» Exercise instructions:
Return the material below exactly, but only from the line with "Ảnh avatar Facebook đôi vibe chill cực xinh" through the line with "Ellie Wilde EW34086-Gemini", and without its pictures.
(Beginning of Data listing)
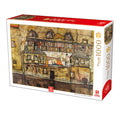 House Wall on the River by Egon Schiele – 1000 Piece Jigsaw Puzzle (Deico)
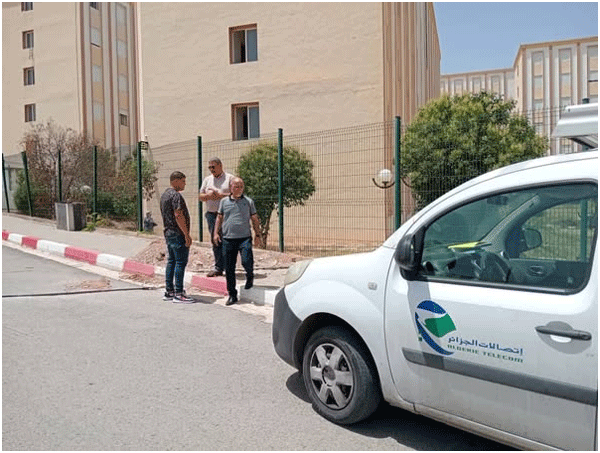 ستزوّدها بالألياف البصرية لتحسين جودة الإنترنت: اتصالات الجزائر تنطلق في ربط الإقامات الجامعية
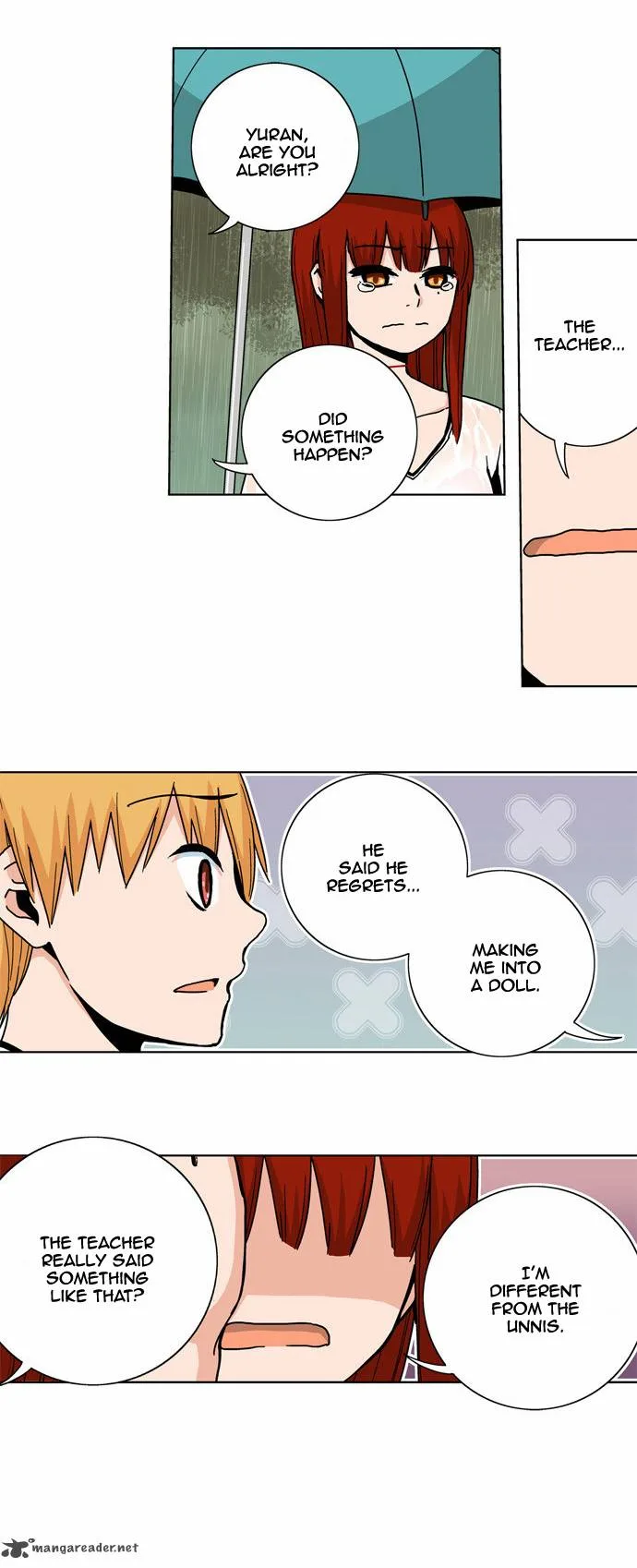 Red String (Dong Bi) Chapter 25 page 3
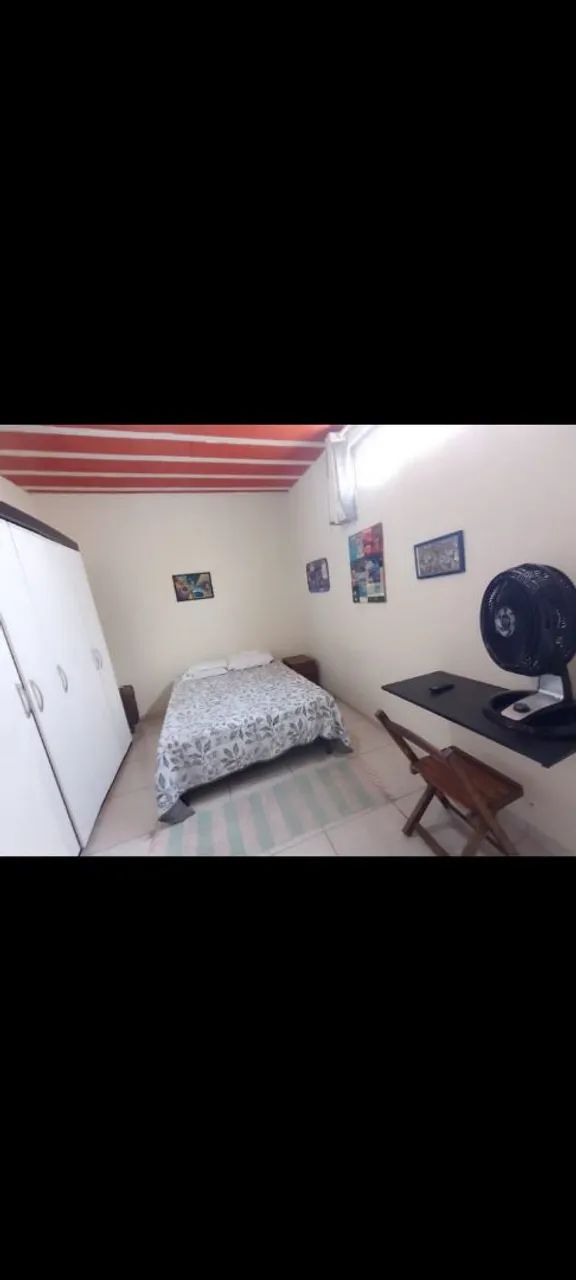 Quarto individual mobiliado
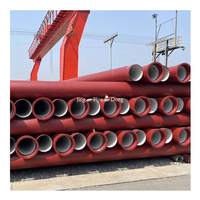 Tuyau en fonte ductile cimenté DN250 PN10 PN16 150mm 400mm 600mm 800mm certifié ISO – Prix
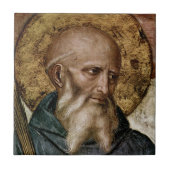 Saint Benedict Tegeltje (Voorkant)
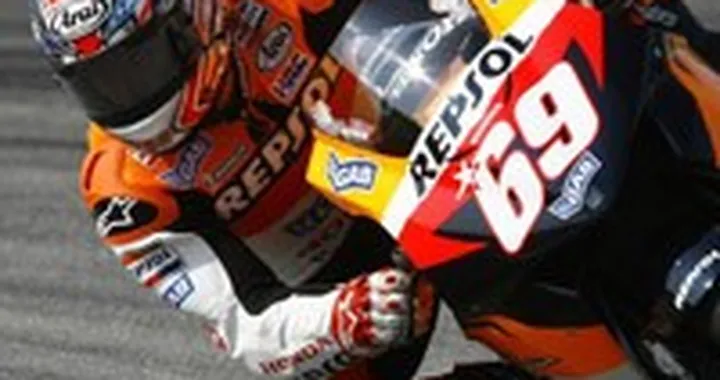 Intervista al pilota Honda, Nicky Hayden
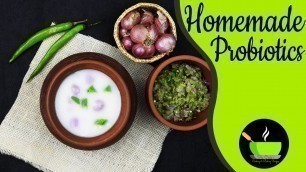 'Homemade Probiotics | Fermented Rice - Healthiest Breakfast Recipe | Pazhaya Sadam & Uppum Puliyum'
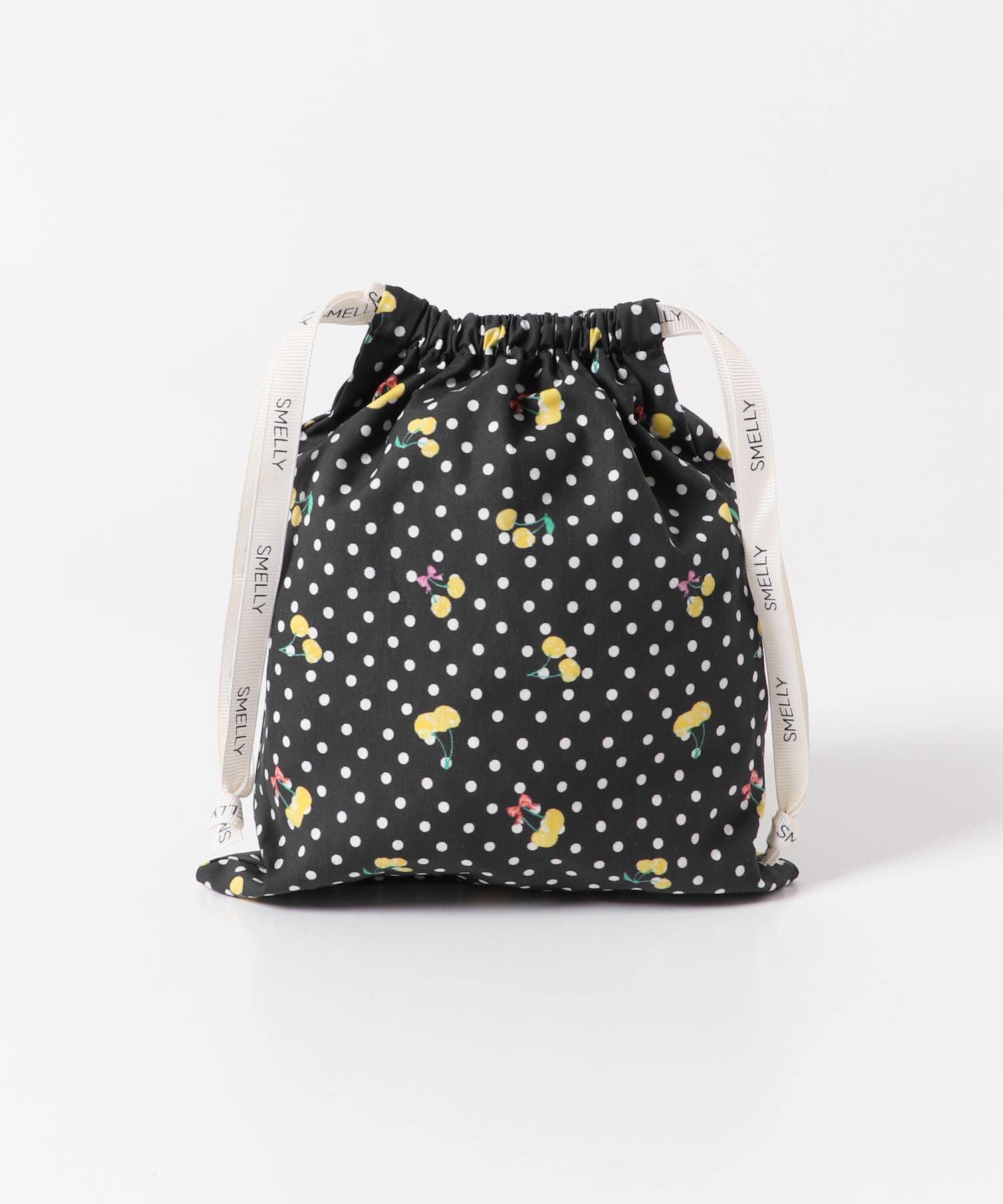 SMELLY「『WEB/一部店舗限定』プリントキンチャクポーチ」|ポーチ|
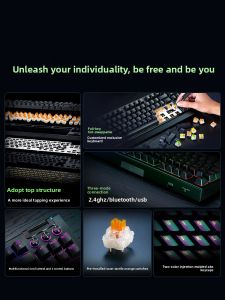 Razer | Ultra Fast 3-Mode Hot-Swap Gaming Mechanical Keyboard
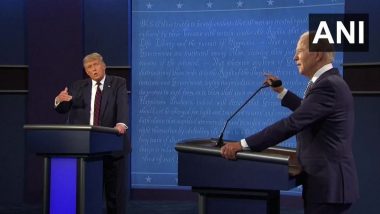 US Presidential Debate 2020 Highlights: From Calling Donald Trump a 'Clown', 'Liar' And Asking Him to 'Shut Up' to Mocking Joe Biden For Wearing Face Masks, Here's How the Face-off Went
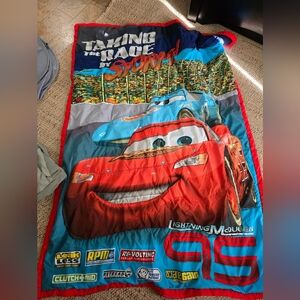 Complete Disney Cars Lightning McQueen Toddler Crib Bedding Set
(End of Data listing)
(Beginning of Data listing)
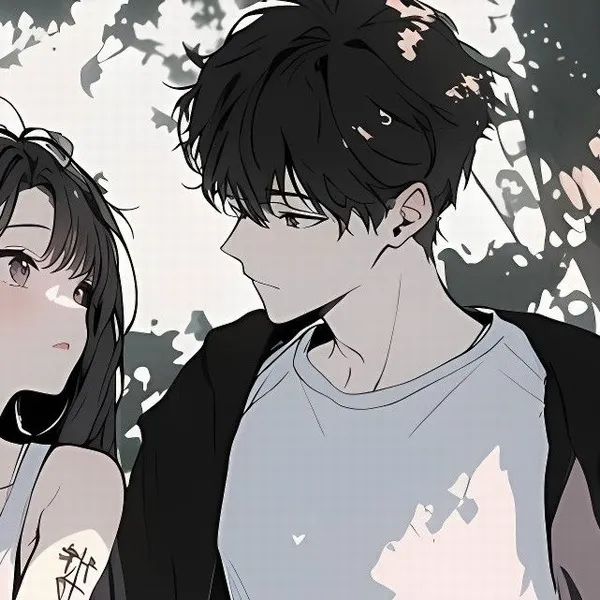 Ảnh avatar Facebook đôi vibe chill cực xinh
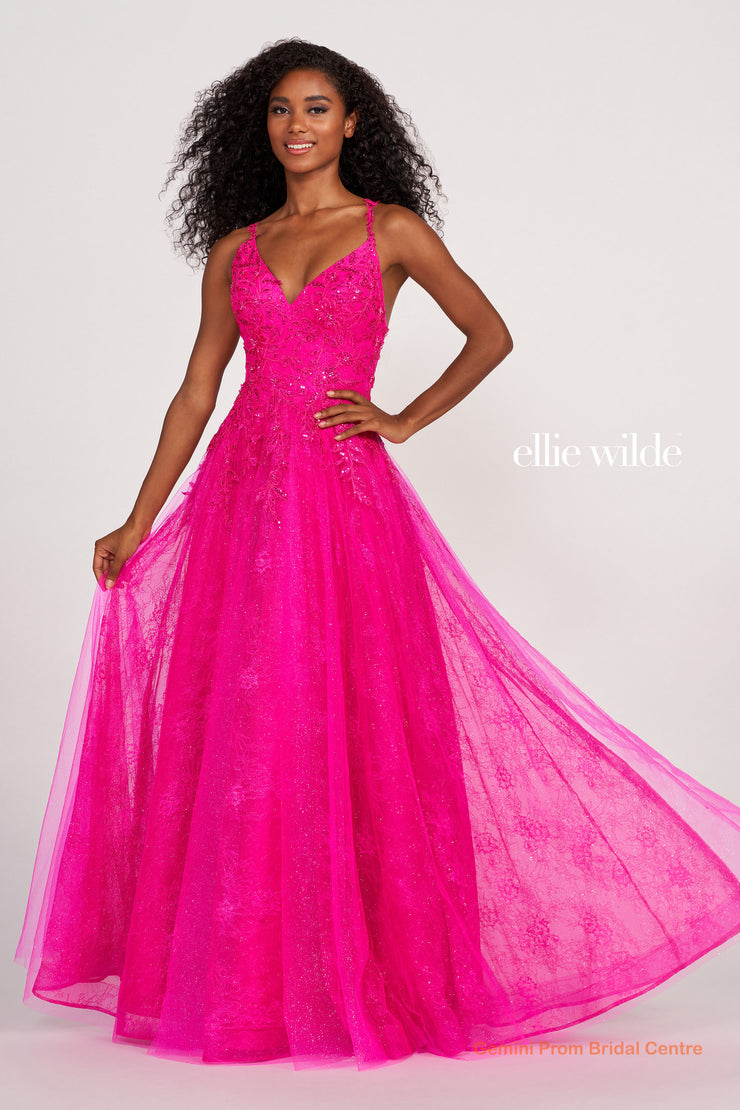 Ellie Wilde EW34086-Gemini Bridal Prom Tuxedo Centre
(End of Data listing)
» Output of the exercise:
 Ảnh avatar Facebook đôi vibe chill cực xinh
 Ellie Wilde EW34086-Gemini Bridal Prom Tuxedo Centre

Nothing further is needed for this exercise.